TASK GOAL => Your response should contain exactly the lines running from the one with "this 1273×952 image." to the end of the data below, both included, and no pictures.

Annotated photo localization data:
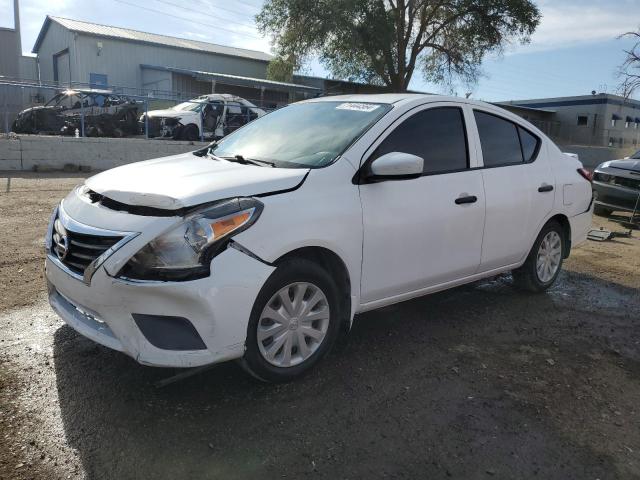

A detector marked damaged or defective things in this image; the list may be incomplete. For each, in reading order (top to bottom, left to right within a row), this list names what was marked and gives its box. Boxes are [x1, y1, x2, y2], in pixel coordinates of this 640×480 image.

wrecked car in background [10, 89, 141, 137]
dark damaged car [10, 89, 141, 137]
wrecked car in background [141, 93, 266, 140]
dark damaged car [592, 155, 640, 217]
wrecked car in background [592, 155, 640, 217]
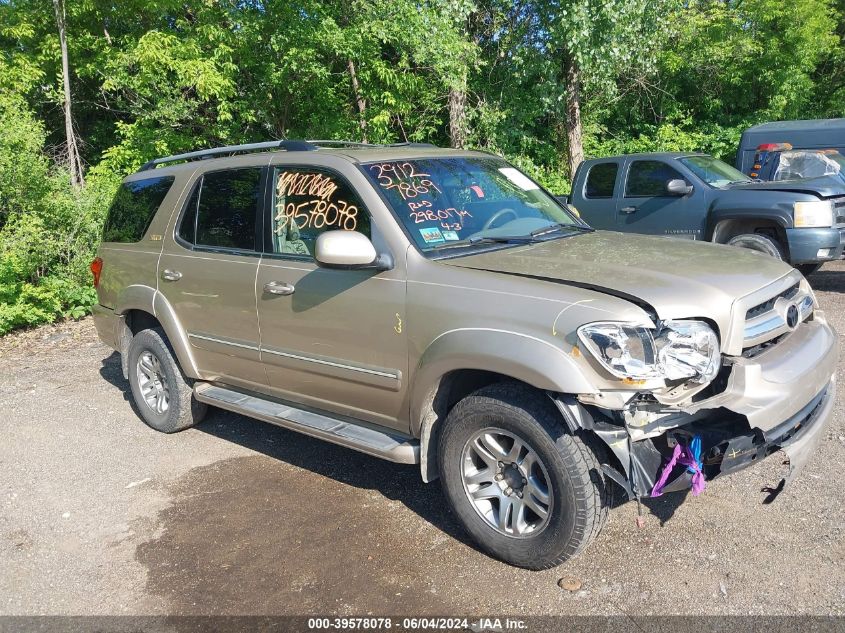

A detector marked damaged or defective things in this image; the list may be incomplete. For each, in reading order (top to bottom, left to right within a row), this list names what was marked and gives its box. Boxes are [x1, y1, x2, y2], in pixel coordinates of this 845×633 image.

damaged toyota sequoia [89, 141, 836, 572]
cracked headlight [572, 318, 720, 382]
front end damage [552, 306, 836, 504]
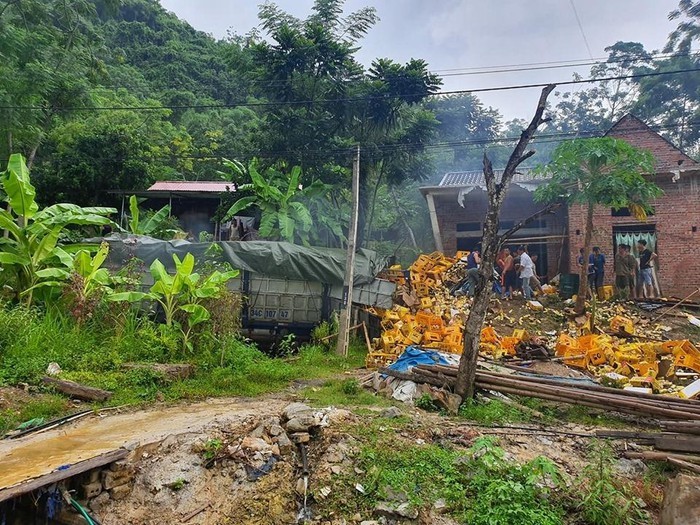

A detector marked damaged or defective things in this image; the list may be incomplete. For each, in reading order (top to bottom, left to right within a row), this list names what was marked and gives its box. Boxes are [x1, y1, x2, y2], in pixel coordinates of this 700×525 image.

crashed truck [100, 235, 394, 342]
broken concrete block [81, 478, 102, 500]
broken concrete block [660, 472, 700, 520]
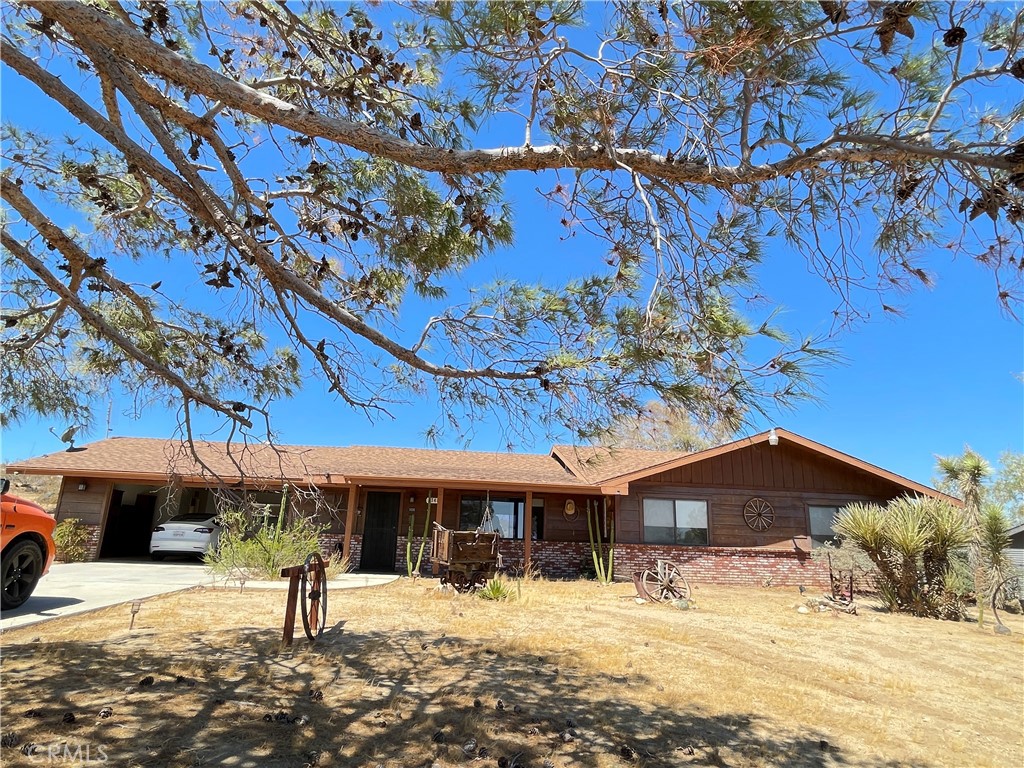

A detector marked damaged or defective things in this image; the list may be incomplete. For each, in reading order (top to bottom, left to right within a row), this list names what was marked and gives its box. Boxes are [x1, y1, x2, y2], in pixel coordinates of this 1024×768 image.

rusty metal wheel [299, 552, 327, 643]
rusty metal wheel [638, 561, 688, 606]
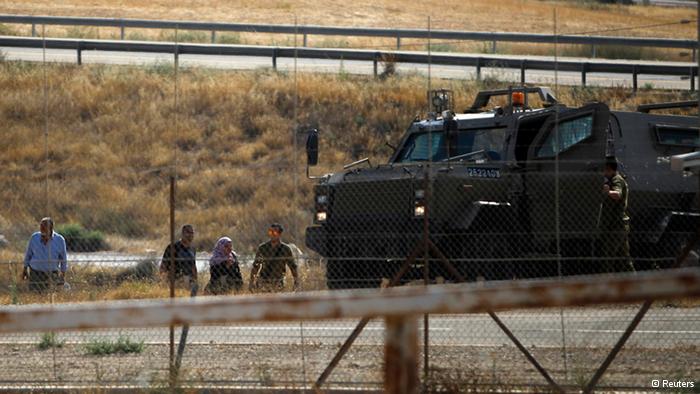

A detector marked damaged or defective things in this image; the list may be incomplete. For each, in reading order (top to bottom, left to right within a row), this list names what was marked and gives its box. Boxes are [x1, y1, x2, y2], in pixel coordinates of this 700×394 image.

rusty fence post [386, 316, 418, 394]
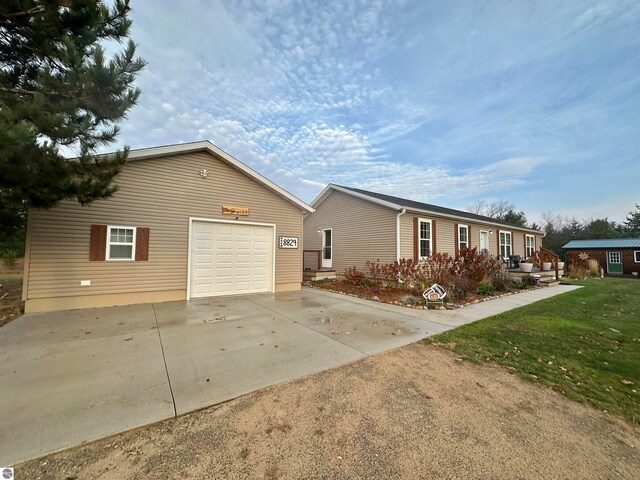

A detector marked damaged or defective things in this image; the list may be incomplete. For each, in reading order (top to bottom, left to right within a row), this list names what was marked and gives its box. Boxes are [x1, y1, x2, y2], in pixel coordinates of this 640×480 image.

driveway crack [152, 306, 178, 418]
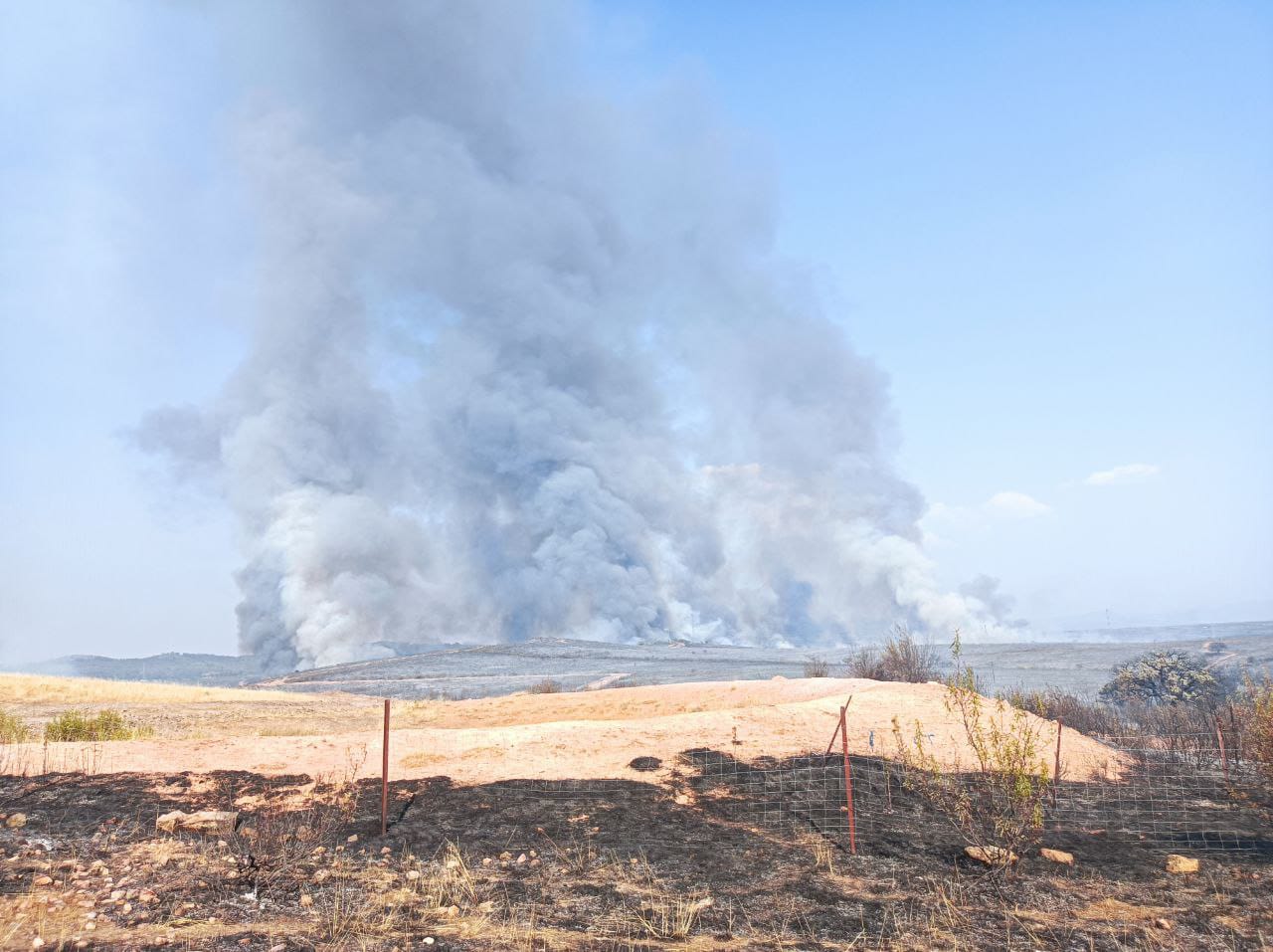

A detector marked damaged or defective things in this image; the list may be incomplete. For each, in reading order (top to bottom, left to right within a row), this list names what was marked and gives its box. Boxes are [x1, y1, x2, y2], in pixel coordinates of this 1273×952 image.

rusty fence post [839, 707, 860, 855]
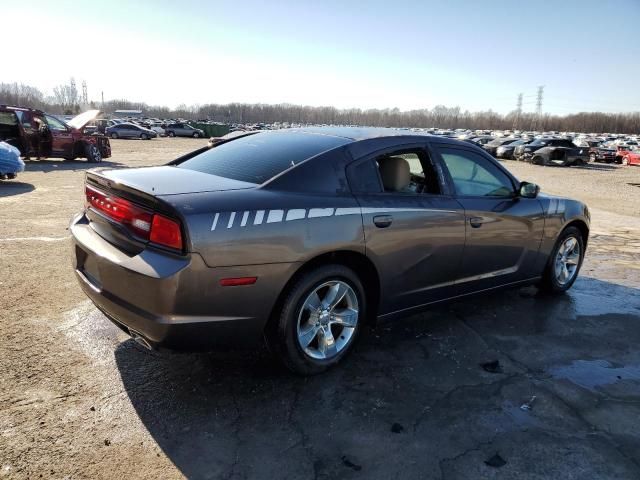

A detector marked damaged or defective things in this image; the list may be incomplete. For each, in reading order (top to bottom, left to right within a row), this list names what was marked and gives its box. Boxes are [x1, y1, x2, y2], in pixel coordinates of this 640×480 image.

ANSWER SPACE =>
A detector marked damaged or defective things in this image; the list may be incomplete. For each, in reading order (top to bottom, left to right within a row), this list names what was marked and gives its box. Boxes are [x1, y1, x2, y2], in pixel coordinates of this 1273×952 image.

rusty fence post [839, 707, 860, 855]

A detector marked damaged or defective things in this image; the list may be incomplete. For each, in reading order (top to bottom, left to right within a row), this list names what was marked and gives its box. Boxes are [x1, y1, x2, y2], in pixel coordinates of this 640×480 image.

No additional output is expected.